A cold blue line that severs him in twain from balls to brow. A red wheel, drawn above his heart with many smaller rings about. Crosses and arrow points, loop within loop on belly and on breast. The pale green patchwork of his thighs.
An eye may find no sense within the curls and turns, no image of a snake nor of a bear, as favoured by the northern men. Shaped after nothing one may see within this world, it is a madness, wild in its device, and speaks that which we may not know. Star-scalped. The likeness of a womb upon one palm.
The words he speaks are small and dry like beetle husks, spat out as if he does not like their taste.
‘The leaves fall dead at news of Winter.’
(The leaves. Fall. Dead. At news. Of Winter.
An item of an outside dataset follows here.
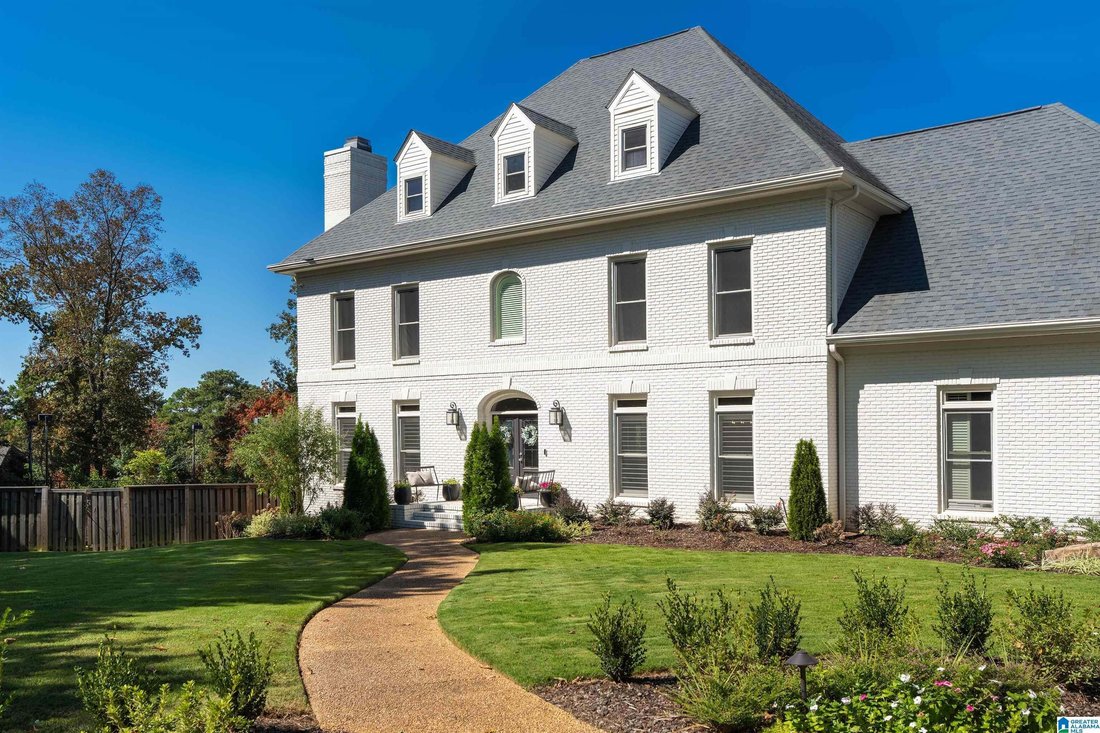 Maison à Mountain Brook, Alabama, États-Unis 2 - 19066066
Every word, he stops to catch his breath.)
‘Now is the sleep of lizards. Now the shortening of the days. The crops is in. The shed is full. Now must we offer thanks.’
Some men are nodding in the crowd. A little boy is led out by his father to make water up against the hut wall, then led back again, picking across the mat of tangled legs. Olun is speaking, sockets staring up into a still, flat veil, the net of smoke cast floating just below the roof.
‘Once, long ago, there is a cunning-man who may make say with all the gods below the dirt. They tell him that he must give up an offering and thank the soil for being good, and full with fruit.
“What must be offered up?” the Hob-man says.
“Your son,” the gods say back.
‘On hearing this he falls to weeping, begging them to spare his child, but they are stern and bid him do the thing they say, for he must show he has more love for them than for his only flesh. And so it is. He binds his son and leads him by the river’s edge, where is a fire built up.’
(The river’s. Edge. Where is. A fire. Built up.)
‘He sets his son upon the wood. The fire’s made ready and the dagger honed.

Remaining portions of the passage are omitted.